In the Wednesday meeting, the Fed telegraphed that it sees no rate hikes in 2019 and only one in 2020.

Bartiromo asked Trump if he influenced the Fed’s decision to pause on rate hikes.

“I don’t know. I mean look, I hope I didn’t influence frankly, but it doesn’t matter, I don’t care if I influenced or not,” Trump said.

Trump and Powell: A Complicated Relationship

The Fed raised rates four times during 2018, the same year that Trump’s tax cuts were taking effect.

Trump took to Twitter to attack the central bank for tightening policy during his efforts to jolt the economy through fiscal policy. The rhetoric built up ahead of the December meeting where the Fed did raise rates by 25 basis points to the current target range of 2.25% to 2.5%.

Powell never directly responded to the president’s criticism, and said time after time that the Fed remains independent and is not swayed by policy preferences from the White House. At one point, rumors about Trump’s interest in removing Powell prompted the Fed Chair to publicly say that he would not resign from his post if asked to do so.

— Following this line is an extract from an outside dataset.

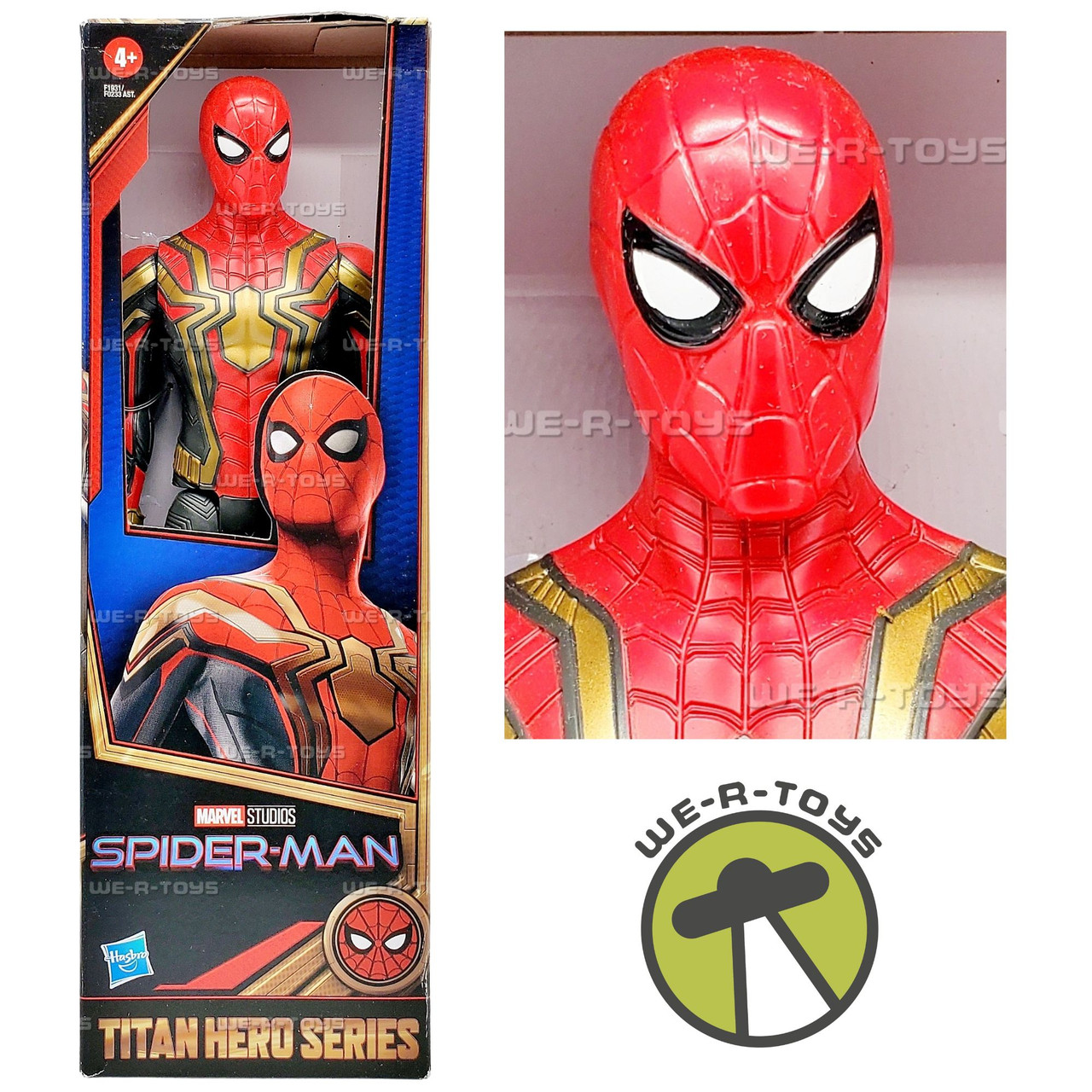 Marvel Spider-Man Titan Hero Series Iron Spider Integration Suit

After the Fed tilted dovish in the January meeting, Trump toned down his criticism of the Fed. In early February, Powell met with Trump at the White House for an “informal” dinner.

Trump’s latest interview shows that he’s still hung up on how higher interest rates may have affected his fiscal policies.

“One thing I was right, but we would have been over four [%] if they didn't do all of the interest rate hikes, and they tightened, I mean they did 50 billion dollars a month. I said what are we doing here?” Trump told Bartiromo.

The “50 billion dollars a month” refers to the Fed’s process of quantitative tightening, in which the central bank unwinds asset holdings that it accumulated to lift the economy out of the 2008 financial crisis. Critics argue that the balance sheet reduction is reducing market liquidity.

The Fed said Wednesday it will begin slowing the pace of its asset roll-offs in May and ultimately conclude the unwind process by the end of September.

For his part, Powell has said the central bank does not think much of fiscal policy. Responding to a question from Yahoo Finance in a press conference Wednesday, Powell said fiscal policies are “exogenous” to the Fed’s decision-making.

“Whatever happens with fiscal policy, we take that. We don’t evaluate it, we don’t criticize it and we don’t overreact to it either,” Powell said. “So I think it’s just a fact, it’s just an external fact about the economy.”